Bucklin Renssalear Moon was born on May 13, 1911, in Eau Claire, Wisconsin. His parents were Chester D. Moon, a lumberman in the Midwest, and Edith Bucklin Moon. He had two sisters, Peggy and Marjorie. In his early years, Bucklin Moon wandered through a series of Prep schools, including Snyder school in Captiva Island, Rivers School in Boston, Fessenden in Massachusetts, and Shattuck Military Academy in Fairbault, Minnesota, before relocating to Florida.

Bucklin Moon entered Rollins College in 1929, and withdrew in 1930 to work on his stuttering problem. He returned the following year, 1934, and graduated with an A. B. in history. While at Rollins, he studied under Edwin Granberry, author of the O. Henry Prize-winning story A Trip to Czardis (1932) and such Florida novels as The Erl King (1930). Moon was a member of the X Club, the college football team, and an associate editor of the campus student publication, Flamingo. While at Rollins, he became friendly with Zora Neale Hurston, who visited the college's creative writing class regularly and presented her folk plays in the college theater. Bucklin married Elizabeth (Betty) Frederica Vogler, (Rollins'32) on April 11, 1936.

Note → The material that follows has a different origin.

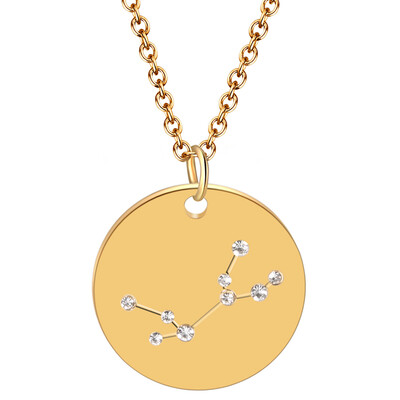 

Creative Tiny Rhinestones Collar Chain Necklace 12 Constellations Pendant Necklace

Bucklin Moon's professional writing career began after he became a literary editor for Doubleday(1940-1951). His first book, The Darker Brother, a Book-of-the-Month Club alternate for 1943, traces the life of a young African American man who leaves Winter Park for Harlem in search of the promised land. In 1945 Moon became the first white person to publish an anthology of writing by and about black America in A Primer for White Folks. Two years later he published The High Cost of Prejudice. His finest work, Without Magnolias, an account of an African American family in Winter Park and Orlando, was published in 1949. It won the George Washington Carver Award of $2,500 for the best book of the year by or about African Americans.

Although he later edited The Doubleday Anthology in 1962, Moon's writing career largely ended when the U. S. House of Representatives Un-American Activities Committee accused him, along with Marlon Brando, Judy Holliday, Lee J. Cobb, and others, of being part of the Communist peace initiative. A fiction editor for Collier's Magazine at the time, he denied the charge and fought it. When Collier's fired him in 1953, Commonweal compared him to Joseph K. in Kafka's The Trial. Unemployed, divorced, and depressed, he attempted suicide. Eventually he returned to editing and married Ann Curtis Brown, but he realized that his life had changed profoundly.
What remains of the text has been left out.